“When you leave a product on the shelf, your body and soul start reclaiming itself,” says Talen. “Consumerism is never surprising. It is predicable.” His alternative call to arms? “Be imaginative.”

I’m all in favor of Buy Nothing Day. I celebrate it a couple hundred times a year, in fact. But I couldn’t help but laugh at the ironic, epigrammatic beauty of that statement. You know what’s really predicable (sic)? Romantic philippics about the “soul”-deadening effects of consumerism, as opposed to the lasting happiness of a life grounded in, uh, “natural” desires and artisanal crafts. Look, Rousseau, people were bored, unfulfilled, unimaginative and miserable long before the modern-day Satanic mills of big-box department stores, and conversely, there are people who manage to happily partake of this consumerist cornucopia without suffering an existential crash, because they were never high on utopian fantasies to begin with.
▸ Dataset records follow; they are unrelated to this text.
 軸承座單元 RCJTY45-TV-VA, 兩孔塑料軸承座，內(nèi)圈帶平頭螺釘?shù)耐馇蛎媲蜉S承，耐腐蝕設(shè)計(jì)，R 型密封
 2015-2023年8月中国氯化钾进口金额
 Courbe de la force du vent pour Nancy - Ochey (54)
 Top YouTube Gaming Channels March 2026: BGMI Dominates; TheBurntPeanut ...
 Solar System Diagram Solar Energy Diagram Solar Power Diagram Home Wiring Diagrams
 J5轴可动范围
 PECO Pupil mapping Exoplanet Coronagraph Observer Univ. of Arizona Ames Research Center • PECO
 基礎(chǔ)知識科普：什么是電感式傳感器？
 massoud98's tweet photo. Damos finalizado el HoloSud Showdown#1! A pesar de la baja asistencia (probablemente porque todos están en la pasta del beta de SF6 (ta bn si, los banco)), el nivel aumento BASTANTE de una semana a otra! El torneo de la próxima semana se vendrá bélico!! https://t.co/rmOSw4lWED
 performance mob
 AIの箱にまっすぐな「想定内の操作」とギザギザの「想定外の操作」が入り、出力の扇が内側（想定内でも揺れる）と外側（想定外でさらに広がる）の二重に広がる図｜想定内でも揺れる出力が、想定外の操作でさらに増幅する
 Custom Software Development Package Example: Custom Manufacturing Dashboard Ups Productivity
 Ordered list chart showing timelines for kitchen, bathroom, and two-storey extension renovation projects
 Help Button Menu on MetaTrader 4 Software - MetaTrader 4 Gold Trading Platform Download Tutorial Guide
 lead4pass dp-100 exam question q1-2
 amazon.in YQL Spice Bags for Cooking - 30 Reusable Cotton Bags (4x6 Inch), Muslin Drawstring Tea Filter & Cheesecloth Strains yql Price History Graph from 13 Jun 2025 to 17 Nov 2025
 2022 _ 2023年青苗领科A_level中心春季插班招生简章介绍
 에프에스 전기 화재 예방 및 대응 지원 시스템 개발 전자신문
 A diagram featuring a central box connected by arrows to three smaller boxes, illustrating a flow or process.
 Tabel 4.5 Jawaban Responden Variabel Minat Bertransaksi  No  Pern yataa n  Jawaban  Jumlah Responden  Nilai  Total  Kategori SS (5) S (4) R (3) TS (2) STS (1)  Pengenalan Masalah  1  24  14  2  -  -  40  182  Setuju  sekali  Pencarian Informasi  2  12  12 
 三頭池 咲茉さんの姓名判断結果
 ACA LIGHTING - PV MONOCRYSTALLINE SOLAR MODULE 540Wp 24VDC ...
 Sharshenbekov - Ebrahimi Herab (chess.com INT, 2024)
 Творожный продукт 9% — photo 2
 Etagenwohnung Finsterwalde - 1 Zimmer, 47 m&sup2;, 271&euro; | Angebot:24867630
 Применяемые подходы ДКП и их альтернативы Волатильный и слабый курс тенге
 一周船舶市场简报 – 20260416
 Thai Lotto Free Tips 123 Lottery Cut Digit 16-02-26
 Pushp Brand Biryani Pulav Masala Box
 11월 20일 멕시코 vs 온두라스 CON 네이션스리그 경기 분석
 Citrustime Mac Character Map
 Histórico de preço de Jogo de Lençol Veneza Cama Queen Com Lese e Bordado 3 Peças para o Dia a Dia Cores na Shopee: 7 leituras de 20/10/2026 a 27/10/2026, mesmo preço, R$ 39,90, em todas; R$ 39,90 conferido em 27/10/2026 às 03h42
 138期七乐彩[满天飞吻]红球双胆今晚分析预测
All things in moderation, you know?
I note that he, like so many of his comrades, frames it as a choice between the undifferentiated mass-mind (bor-ring!) and the unique snowflake status of the true artiste (oui, oui!) Again, I suggest that people like the Right Reverend Billy might want to consider the thesis of Heath and Potter, that the real engine driving modern consumerism is the urge to distinguish oneself as an individual.